Mauldin returned to her home state a year ago after a mentor asked her pointedly when the last time she’d been to rural South Carolina. “He said, well, I would highly recommend you look at issues your state is facing and see what you can do there.”

She was hired as executive director of South Carolina Future Minds, a nonprofit dedicated to improving public education in the state. “What made me different among my friends and colleagues was that I was from the South, and the issues we face in the Southeast are the same ones I experienced in other countries.”

Since the election, Mauldin has come back around to remembering the long game. “Frankly, since I moved back to South Carolina, I knew I was not going to have as many visible wins as I did back in Boston. We’re progressing reform on the margins before it becomes mainstream and it takes years of agitating.”

Mauldin sees value in helping strengthen the philanthropic networks in South Carolina to raise up those that have been left behind and fight for racial and social justice. She’s already rolled up her sleeves and gotten to work.

Indivisible with liberty and justice for all

In mid-December, a group of former congressional staffers released an online document called Indivisible: The Practical Guide for Resisting the Trump Agenda, which promised to reveal best practices for making Congress listen.

Taking a page from the Tea Party movement, these anonymous writers have provided a step-by-step playbook for standing up to Trump and the Republican agenda, which seemed just the thing these three Charleston groups need.

The writers are seeing similar gatherings of people across the nation and are trying to lasso them into action: “The Tea Party formed organically as conservatives upset after the 2008 election came together in local discussion groups. We believe the same thing is happening now across the country as progressives — in person, in already existing networks, and on Facebook — come together to move forward. The big question for these groups is: what’s next?”

By the first week in January, Indivisible had received enough press and attention that it was being discussed by many of the women I had been meeting with over the last two months.

“If you’re reading this, you’re probably already part of a local network of people who want to stop the Trump agenda — even if it’s just your friends or a group on Facebook. This chapter is about how to take that energy to the next level, and start fighting locally to take the country back.”

Rachel Maddow profiled Indivisible on her show last week, and chronicled the rapid success of the Tea Party. By the spring and summer of Obama’s first term, they were agitating nationally, steering the conversation to their issues, bullying Republicans into listening to them, and effectively stumping Obama who had a supermajority and seemed unstoppable.

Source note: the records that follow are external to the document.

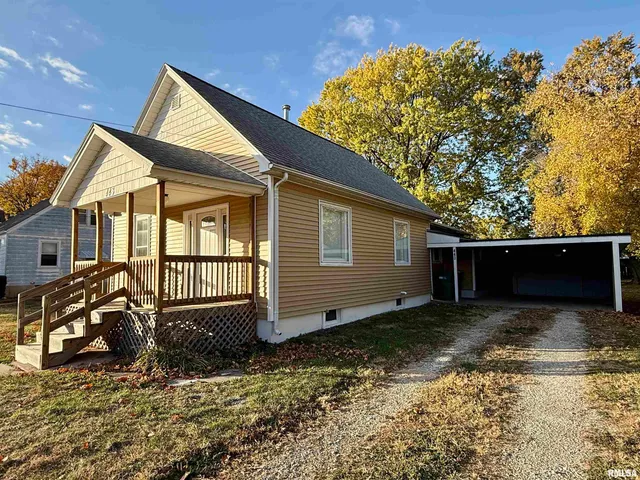 $110,000 | 443 Fifer Street, Galesburg, IL 61401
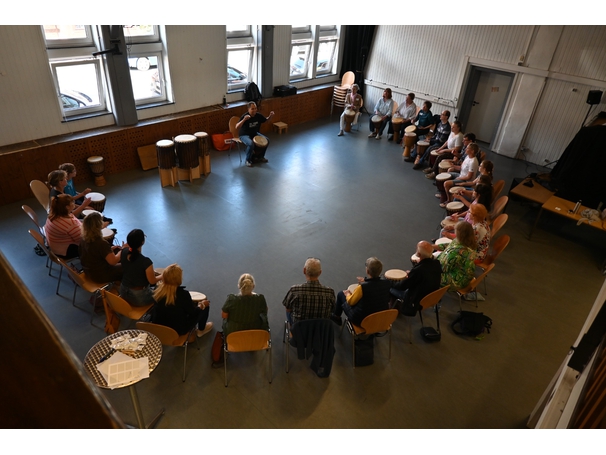 Gemeinsames Trommeln mit der Musikschule Trommelkunst: Ein rhythmisches Erlebnis für alle - Lebenshilfe Walsrode Gemeinsames Trommeln mit der Musikschule Trommelkunst: Ein rhythmisches Erlebnis für alle - Lebenshilfe Walsrode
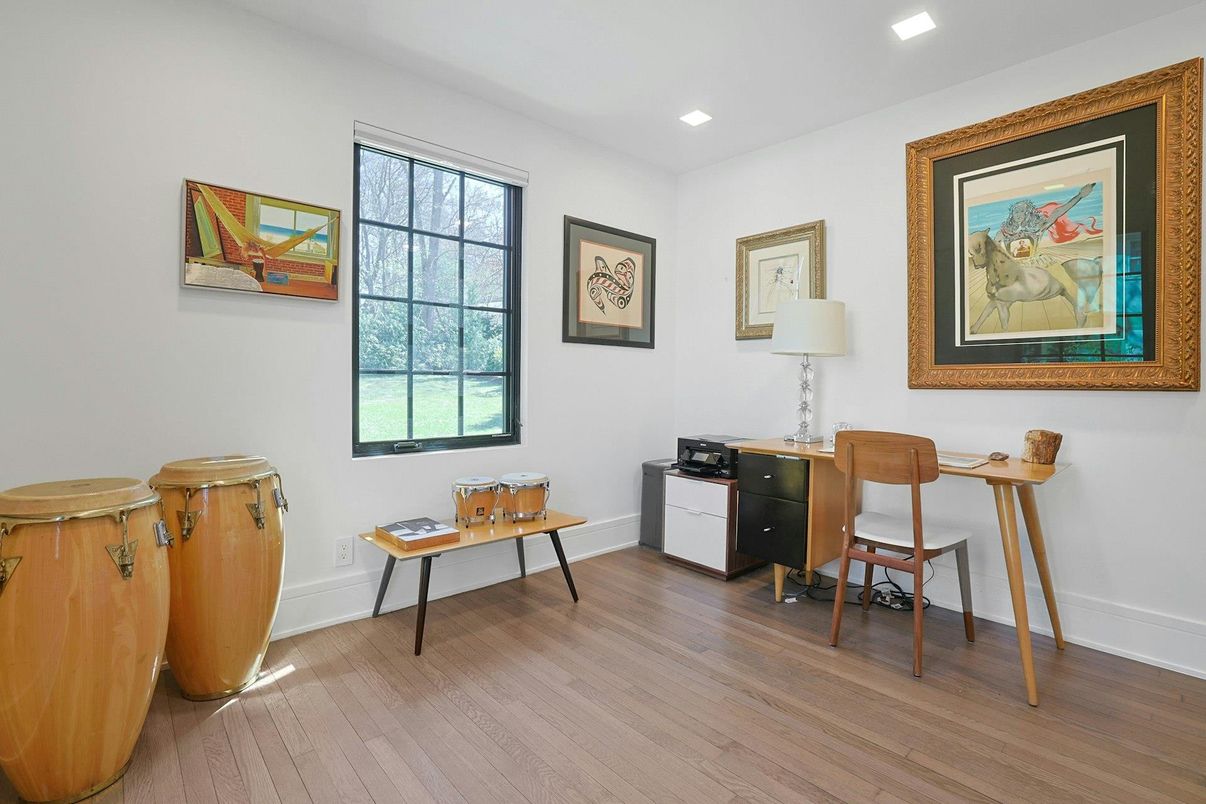 Home Office, Interior, Recessed Lighting, Wood Texture Flooring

If they could do that to Obama, surely a progressive movement could do the same with Trump.

The Indivisible authors provide a simple four chapter outline for action. In chapter one, they describe the success of the Tea Party and pull out two components for success: “local strategy targeting individual Members of Congress (MoCs), and a defensive approach purely focused on stopping Trump from implementing an agenda built on racism, authoritarianism, and corruption.”

Members of Congress, they point out, are motivated by their re-election. They want to look good to their constituents and get good press. The best way to hit them where it hurts is to attend their town hall meetings, protest at their other appearances like ribbon cuttings, conduct sit-ins and meetings at their offices, and coordinate a barrage of calls when legislative votes are coming up. Indeed, a few weeks ago, phone calls proved to be a very big factor in the Republicans withdrawing their plan to gut the Office of Congressional Ethics at the beginning of the session.

Indivisible promises to galvanize the people who’ve been coalescing around the nascent women’s movement in Charleston. Already, the guide is being shared and discussed on Facebook group pages and emails. The call to action is not subtle but neither is it very hard.

And the message, ultimately, is one of hope in the midst of despair: “The best way to stand up for the progressive values and policies we cherish is to stand together, indivisible — to treat an attack on one as an attack on all.”